No, this is just a distressing realistic imagining of what might happen to us Americans after our country has devolved into a borderless civil war, bloody massacres and constant suspicions—where we run to and how we try to live and how our new host nations are not happy with our presence.
And it's excellent at that. It feels real. It feels plausible.
One thing I don't like about the book is the side effects of how Kalfus represents his main character's trauma. That he has a hard time recognizing people, especially women, fine. I can accept that. But he uses that as an excuse to make everything uncertain. No city or nation is named, few people get names, his dog has a name but it's a placename so we don't get that either. I get that he's trying to make everything on the American side more universal and everything on the not-America side less graspable, but it requires some rhetorical stretches that get too artificial for their own good.

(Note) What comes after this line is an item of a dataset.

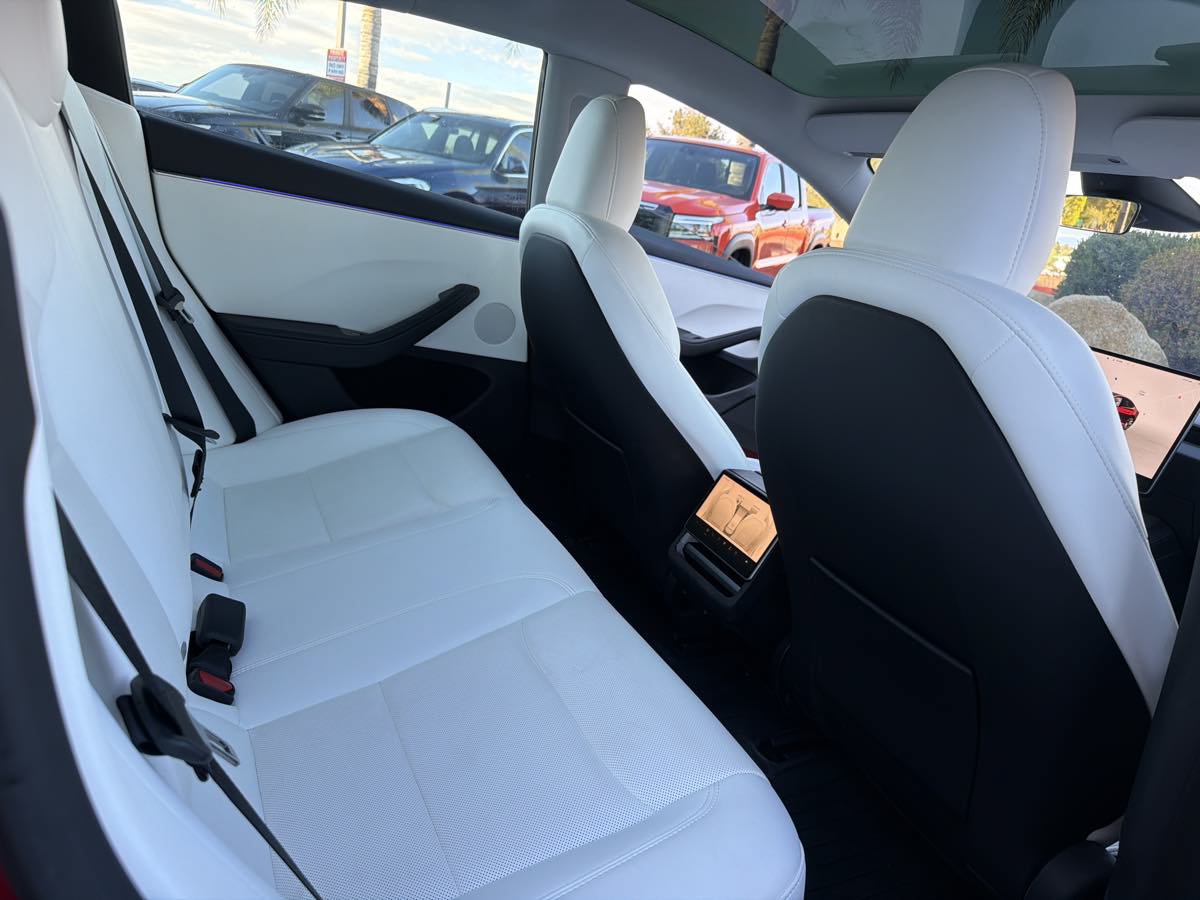 Used 2024 Tesla Model 3 Long Range RWD image 15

All that aside, I recommend reading it. If we do devolve to war (a less insane prospect by the month) it would be a war apt to awfulness. Perhaps a reflection of that future may give us pause.
how long goes here
124) All's Faire in Middle School by Victoria Jamieson, finished November 11
This is by family-favorite author of Roller Girl (first reading) and it's similar—girl with an unusual sidelife managing the travails of early adolescence—but it's a very different book all the same, tackling new concerns in new ways.
This time the girl's family works at a Florida renaissance faire and she has decided to leave behind homeschooling for schoolschooling. Things go wrong, she makes mistakes, she grows up, lessons are learned, etc.
I didn't like it as much as Roller Girl (most recent reading) but it's a satisfying read with earned emotional beats. What else are you asking for?
almost twenty days
125) The Lathe of Heaven by Ursula K. LeGuin, finished November 16
I didn't know much about this 1971 novel coming into it, except that it's dystopianish. The first half I wasn't sure that was true. But it became true as reality is piled atop reality.
I see a couple low-budget adaptations have been filmed, but post-Dr Strange movies, I think we're ready to really visualize this. I'm not sure it's a good idea, but it can be done.
In short, what if your dreams could recreate reality? What responsibility would this lay upon you? Would you strive to dream intentionally? or not to dream at all?